ARIZONA: GOP State Rep Resigns After Revelation Of ’80s Arrest For Paying Underage Boys For Sex [VIDEO]

Tucson’s ABC affiliate reports:

Documents gathered as part of the House Ethics Committee’s investigation into the conduct of former Prescott Rep. David Stringer show the lawmaker allegedly paid children for sex acts in the 1980s. Stringer resigned earlier this week rather than comply with the committee’s subpoena as it looked into a 1983 sex abuse case and racially insensitive statements he made in 2018.

The release of the documents follows through on a statement by House Speaker Rusty Bowers when he accepted Stringer’s resignation, saying the committee would release the documents it had gathered “as soon as possible” but not a formal report.

Included in the documents is the original Baltimore Police Department report of its sex abuse investigation. Detectives say Stringer paid two teens, both younger than 15 years old, to perform sex acts. One of the victims was also living with a mental disability, police said, and Stringer “knew or should have known” of the victim’s condition.

Arizona Central reports:

The police report states police arrested Stringer in September 1983, after a boy told officers that Stringer had met him and a friend in a park a year earlier, and asked them to come back to his apartment to have sex.

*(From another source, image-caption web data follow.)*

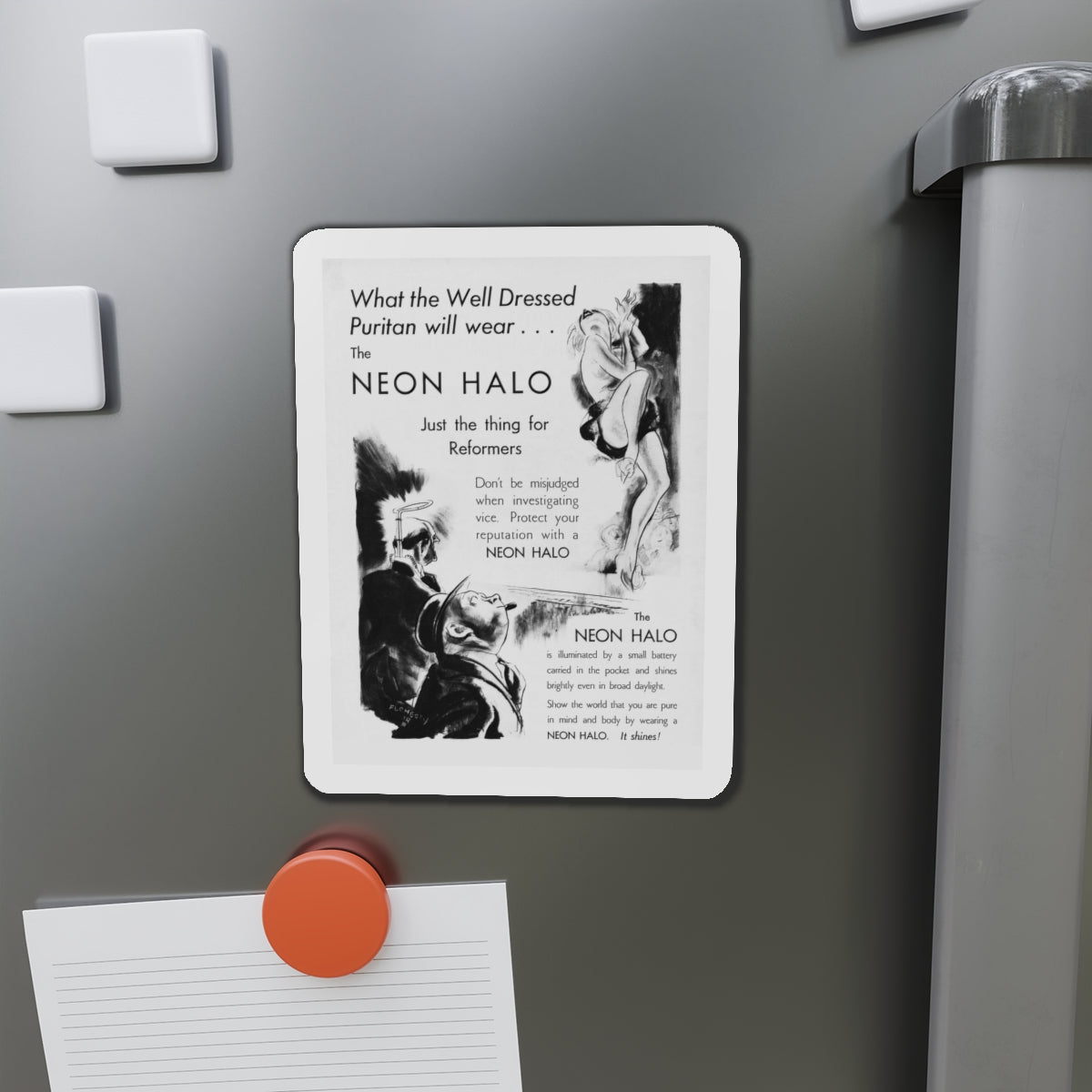 Ballyhoo 1934-03 Image 003 (Magazine Illustration) Refrigerator Magnet-The Sticker Space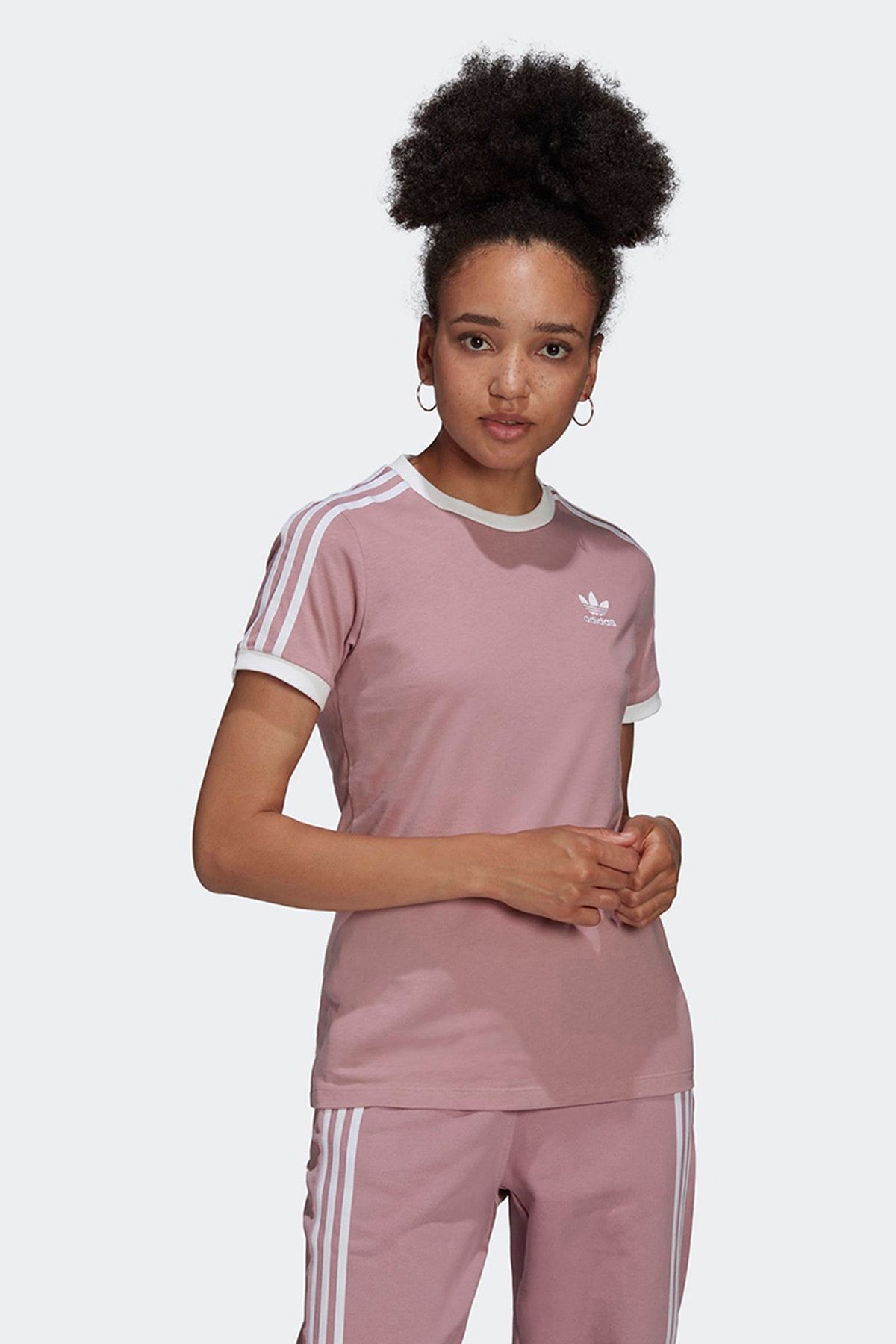 adidas Kadın Günlük T-shirt 3 Stripes Tee Hb9485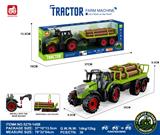 OBL10401126 - 惯性农夫车头+木条拖板后斗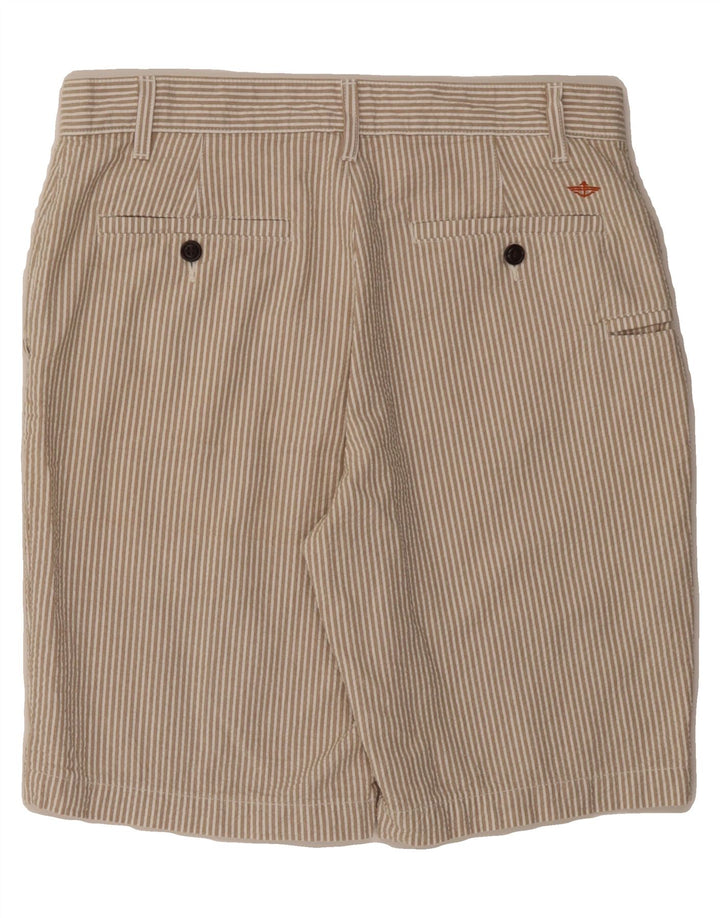 DOCKERS Mens Chino Trousers W32 Medium  Beige Pinstripe Cotton Vintage Dockers and Second-Hand Dockers from Messina Hembry 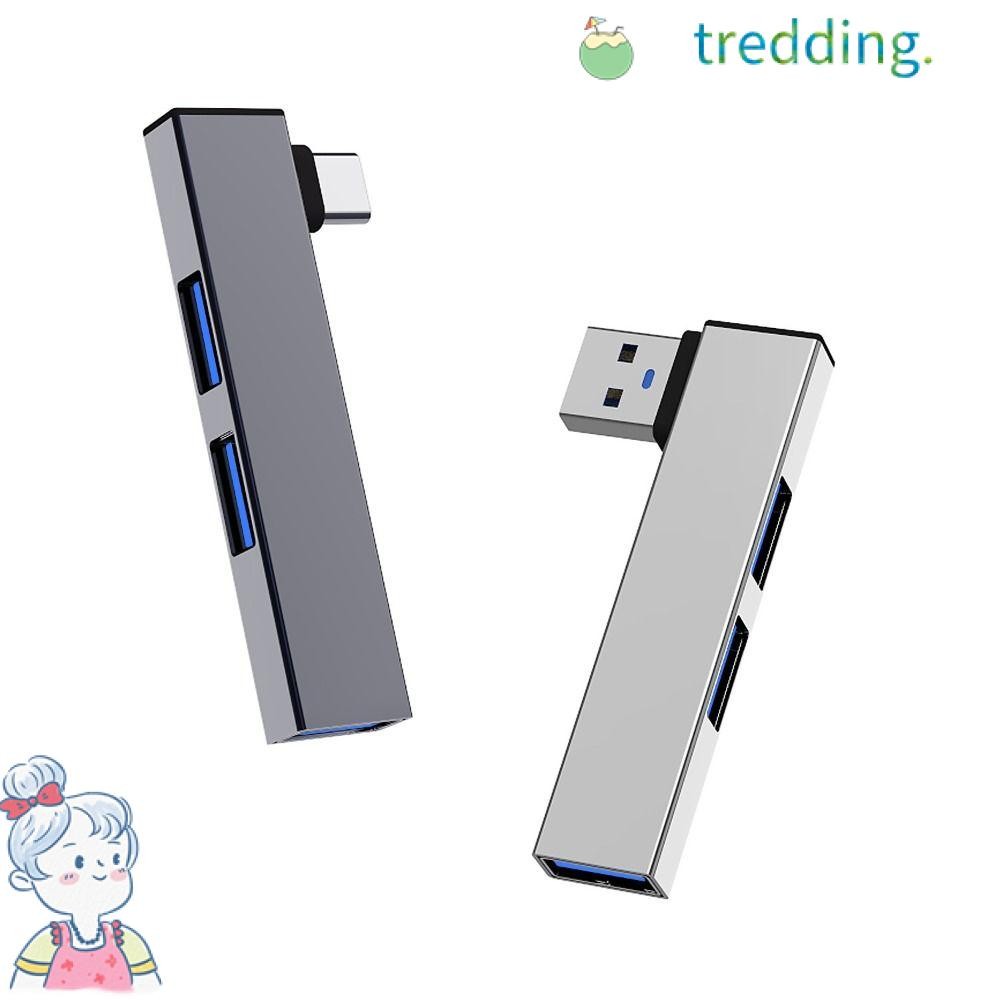 TREDDING491 Type-C Splitter, ความเร็วสูง 3 IN 1 USB-C HUB, Universal ...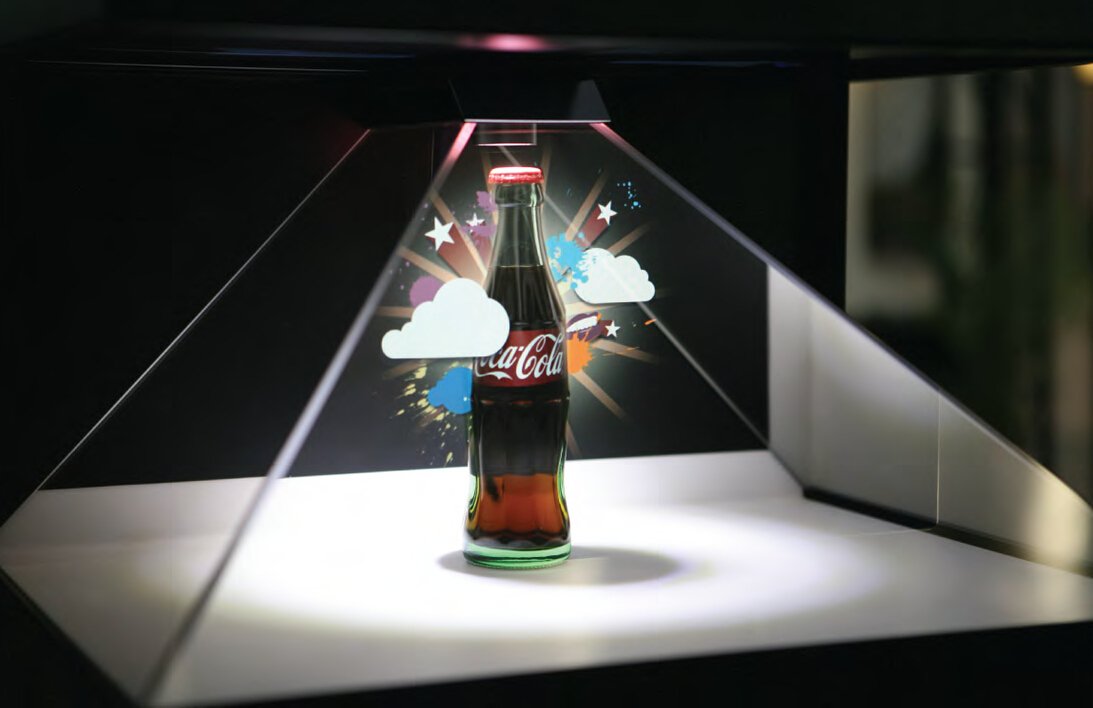 270° 3D Holographic Pyramid Showcase Hologram Display Box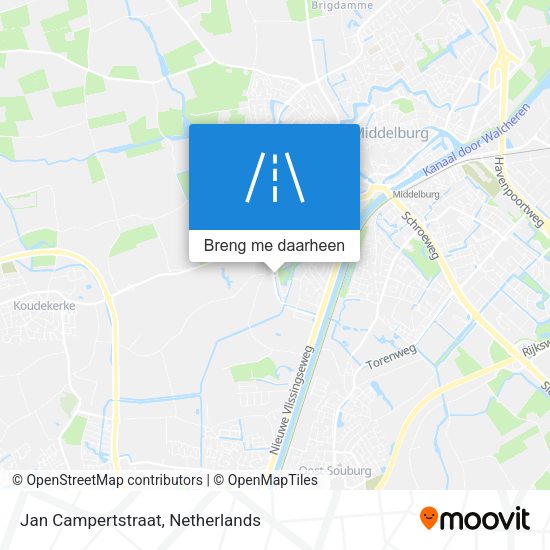 Jan Campertstraat kaart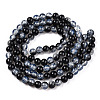 Transparent Crackle Baking Paint Glass Beads X1-DGLA-T003-01C-01-2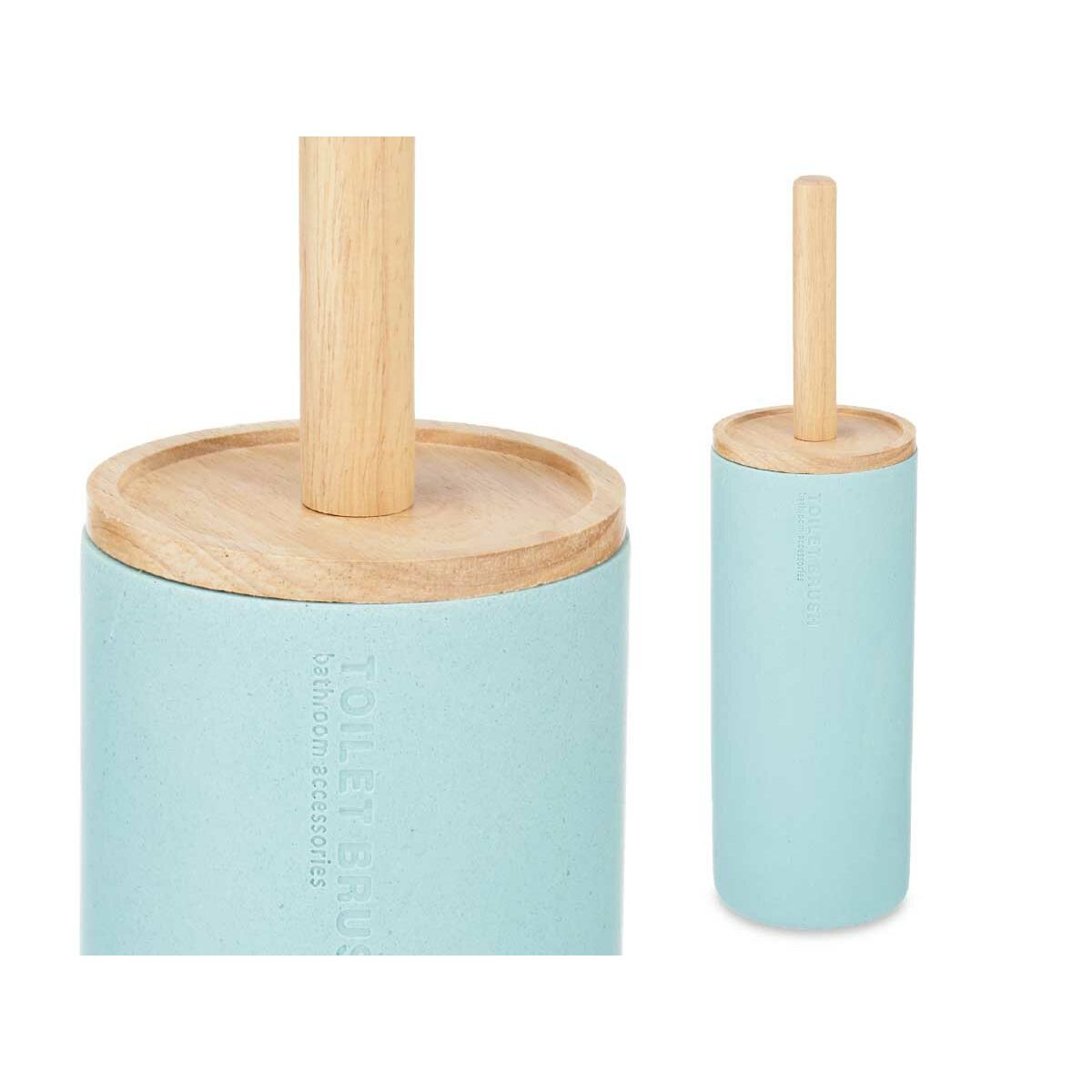 Toalettborste Blå Trä Harts 10,2 x 38 x 10,2 cm (4 antal) - 4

One of the boys told police he had been back to see Stringer at least 10 times to perform oral sex or penetrative sex, the report states. The boy told police his last visit with Stringer was in July 1983, when they had sex and took a shower together.

Stringer later accepted a plea deal on some charges. But few details of Stringer’s sentence are known because a judge expunged the case in 1990, erasing the court records.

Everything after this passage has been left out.